From Cherry Bombe Cookbook
1 pound large shrimp, peeled and deveined
1 tablespoon fresh lemon juice
1/2 teaspoon kosher salt
2 tablespoons canola oil
1/2 teaspoon cumin seeds
1/2 teaspoon fennel seeds
1 cup minced shallots
1 cup diced yellow bell pepper
2 dried red chiles, such as Kashmiri for mild heat or Thai for extra heat
1 teaspoon minced garlic
2 tablespoons unsalted butter
4 cups cherry tomatoes, halved
1/3 cup diced dried apricots 1 whole preserved lemon, seeded and diced
1/2 teaspoon turmeric powder
1/2 cup chopped fresh cilantro
Cooked rice, for serving
In a medium bowl, toss the shrimp with the lemon juice and ¼ teaspoon salt. Cover and set aside.

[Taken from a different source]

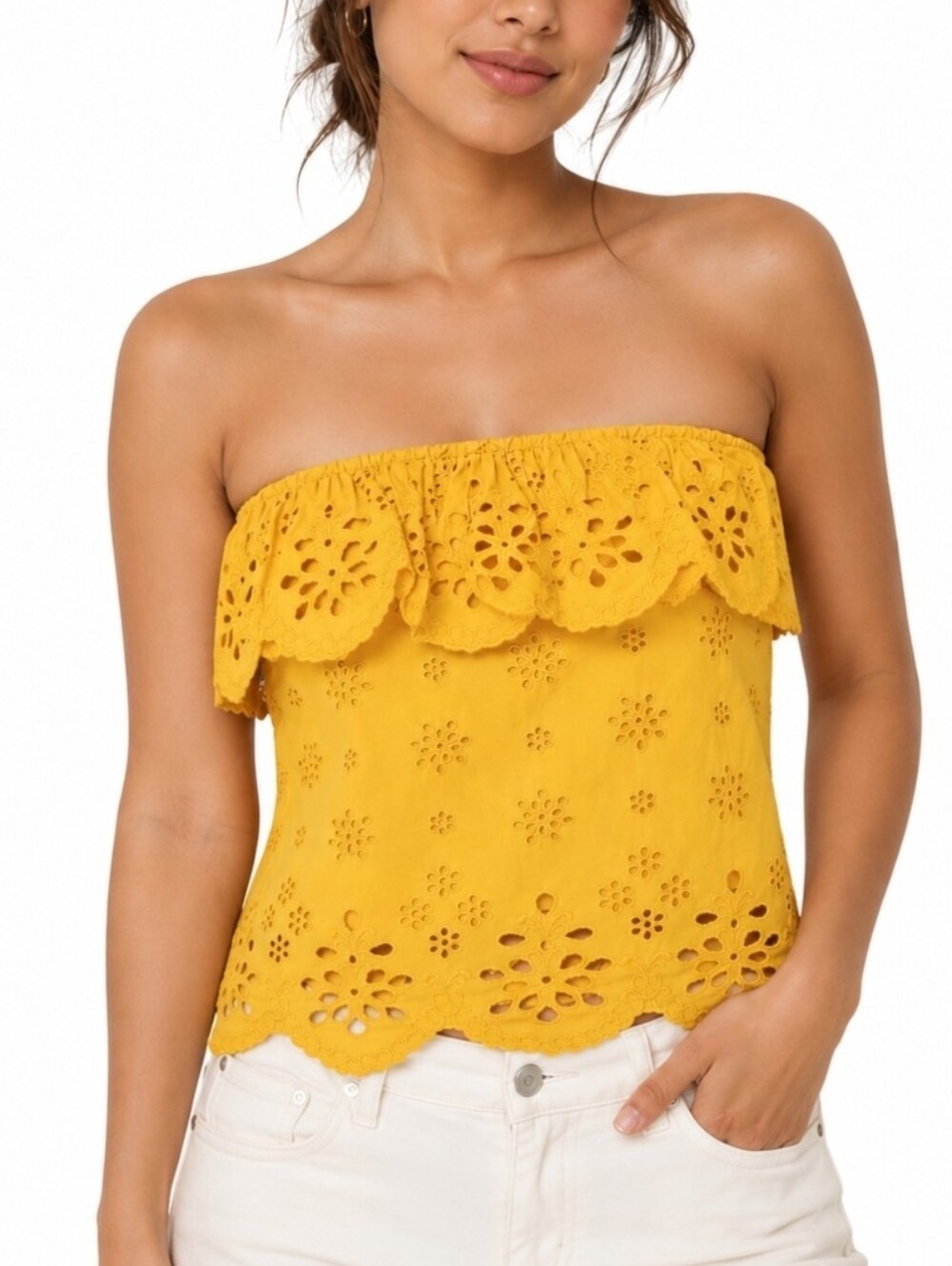 Milly Yellow Off-Shoulder Eyelet Cotton Camisole Yellow Buttery Soft Size 4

Heat the canola oil in a deep skillet or wok over medium heat. When the oil is hot, stir in the cumin and fennel seeds and saute until fragrant, about 30 seconds. Toss in the shallots and bell pepper and continue to cook for 5 to 7 minutes to soften the peppers.
Add the dried chiles, garlic and ginger to the skillet and saute for 3 to 4 minutes. Stir in the butter and tomatoes, reduce the heat to low, and simmer, uncovered, until the tomatoes release their juice and it begins to thicken, 12 to 15 minutes.
Toss in the dried apricots, preserved lemon and turmeric and simmer for 5 to 7 minutes to marry the flavorings. Taste for seasoning and an additional ¼ teaspoon salt, or to taste.
Stir in the shrimp, coating it with the sauce. Cook, stirring once or twice, just until the shrimp becomes opaque, 3 to 4 minutes, careful not to overcook. Toss in the cilantro and remove any chile tops that popped off during cooking. Serve over rice.